Hurricane Ivan had just sideswiped the south of the island, and the capital — though spared its full brunt — was certainly not unscathed.
As the storm menacingly wormed its way along the coast, it carved out a swath of destruction that left in tatters an already strained civil infrastructure — the grief extending from Morant Point in the east to Negril to the west.
On the way, dislodged boulders, crater-sized sinkholes, uprooted trees and utility poles provided the visitor with the first visual evidence of the colossal rebuilding task ahead.
Yet, a less visible but equally ominous development had drawn this entrepreneur to Jamaica. In the aftermath of the storm, a telecommunications blackout had blanketed the country, isolating it from the rest of the world, and exposing the inherent weakness in its reliance on a single provider for the backbone of its global links.
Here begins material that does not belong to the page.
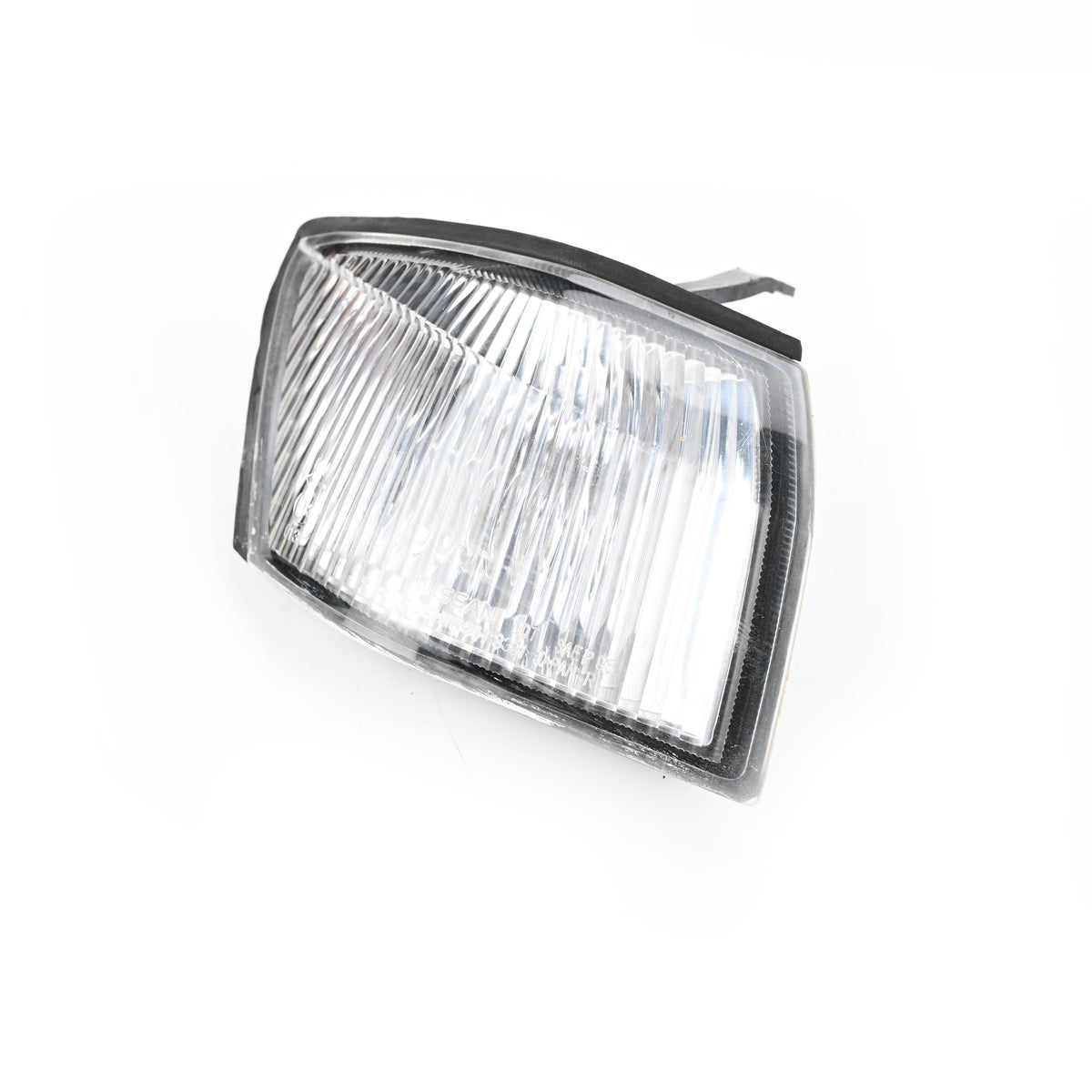 Right Corner Light suit Nissan Silvia S14 S2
Seated in the SUV beside the Canadian businessman was Michael Lee Chin. In 1999, the billionaire had bought National Commercial Bank (NCB), using money he had made in Canada; he was still brimming with pride over his serendipitous investment. It was at his invitation that Paddick had ventured from the relative safety of his country into what must have appeared to him to be a hurricane-ravaged environment.
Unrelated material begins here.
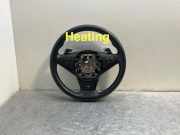 Lenkrad BMW 5 Touring (E61) 550 i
Part-owner and CEO of an Internet and cable television company that served 1,200 towns in Canada, Paddick and his partner John Risley had recently sold the firm, and had used part of the proceeds to fully capitalise another cable services outfit they bought in The Bahamas. They still had a lot of cash on hand, and were in an acquisition mode.
“John Risley looks for new growth markets to take advantage of our core competencies,” explains Paddick.
Their formula, developed in Canada and perfected in The Bahamas, calls for the acquisition of existing systems, “investing heavily to upgrade them with state-of-the-art technology, integrating them to create critical mass and marketing them in a manner that was relevant to our customers”.
According to Paddick, “the Caribbean fit this bill to a T”.
By time the Canadian investor and his team began scouting Jamaica for opportunities, important segments of the telecoms sector were already open to multiple carriers. There was, however, legislative timidity in addressing weaknesses within other critical areas of the market.
The upshot was that Jamaica was still being served by a single undersea cable platform that was owned and operated by a single provider.
“The entire country was without telephone or Internet service as the only submarine cable system serving the island had been damaged by the hurricane,” says Paddick.
“Michael and I flew to Jamaica in the hurricane’s aftermath, and actually drove to Kingston from Norman Manley airport while bulldozers were still clearing the sand from the road to the airport and the country was largely without power,” he continues. “We drove straight to Gordon House where all the members were debating an emergency measures bill to assist with the relief efforts.”
The islandwide blackout began to test public patience with the status quo; Paddick and his investors found themselves at the right place at the right time.
“Mr Lee Chin and I then met with then minister, Philip Paulwell,” he says. “We asked if Columbus could build a second fibre-optic network to the United States to ensure that Jamaica would never again find itself isolated from the outside world.”
In the face of such a confluence of factors, governmental complacency quickly gave way to bold and decisive action. Within weeks, the Office of Utilities Regulation (OUR) issued tender notices for licences to lay down subsea fibre-optic cables.
In 2005, two companies were awarded licences, but Columbus Communications (International) was the only one to make good on the promise to pull Jamaica towards the cutting edge of global communication services.
Paddick, the founder and executive chairman, and Risley control 64 per cent of Columbus International — the parent of Flow. Lee Chin personally owns 10 per cent, while the private equity funds that he manages claim ownership to another 20 per cent. The other six per cent is owned by Columbus’ management team.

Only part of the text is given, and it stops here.